A new version of the Android malware XLoader, operated by the financially motivated threat actor ‘Roaming Mantis,’ has been discovered. Unlike previous iterations, this variant automatically executes upon device infection, bypassing the need for user interaction. XLoader is distributed via SMS containing URLs to malicious Android APK installation files. Recent variants demonstrate the ability to run stealthily in the background, siphoning sensitive user information.

“We have already reported this technique to Google and they are already working on the implementation of mitigations to prevent this type of auto-execution in a future Android version,” researchers mentioned.

To evade detection, XLoader disguises itself using Unicode strings, impersonating legitimate software like the Chrome browser. Once installed, it requests risky permissions such as accessing SMS content and running in the background, often masquerading as a Chrome update. It employs pop-up messages in multiple languages to target a wide range of users.

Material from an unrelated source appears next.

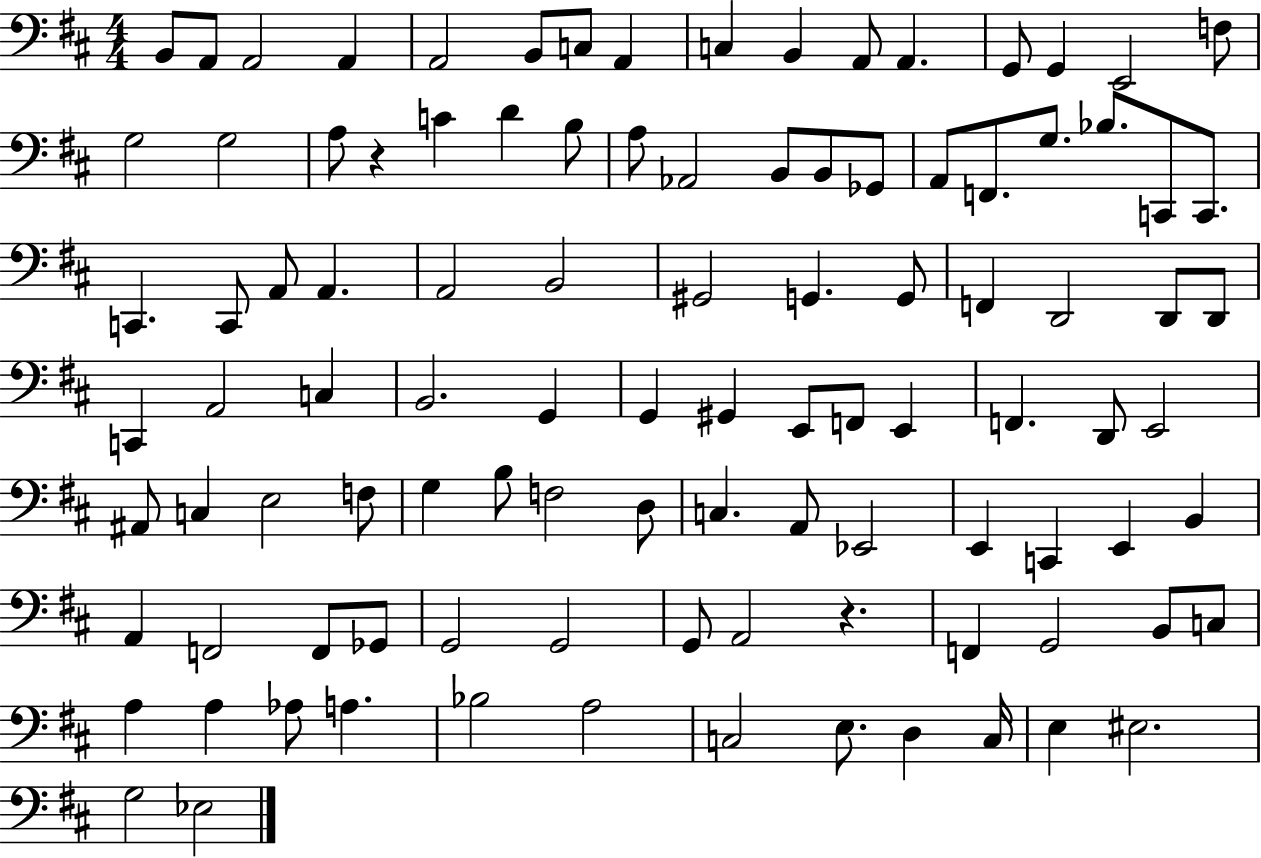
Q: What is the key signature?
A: D major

The malware creates notification channels for custom phishing attacks, extracting messages and URLs from Pinterest profiles to avoid detection. It can also execute various commands received from its command and control server via the WebSocket protocol. These commands include collecting photos, SMS messages, contact lists, device identifiers, sending SMS messages, and performing HTTP requests.

XLoader’s continuous evolution since 2015 has enhanced its stealth capabilities and effectiveness. Researchers warns that the latest variants, requiring minimal user interaction and hiding under the guise of Chrome, can be particularly effective. To combat this threat, users are advised to utilize security products capable of scanning for known indicators of such malware.

Impact

• Financial Loss
• Unauthorized Access
• Sensitive Information Theft

Remediation

• Search for Indicators of compromise (IOCs) in your environment utilizing your respective security controls.
• Employ a reputable and up-to-date mobile security solution that can detect and remove malware.
• Patch and upgrade any platforms and software timely and make it into a standard security policy.
• Review the permissions granted to installed apps on your device. Be cautious about granting unnecessary or excessive permissions, especially for apps that request access to sensitive data or features.
• Prioritize patching known exploited vulnerabilities and zero-days. Enable antivirus and anti-malware software and update signature definitions promptly. Using multi-layered protection is necessary to secure vulnerable assets.
• Do not open emails and attachments from unknown or suspicious sources.
• Regularly back up important data on your device to an external source or cloud storage.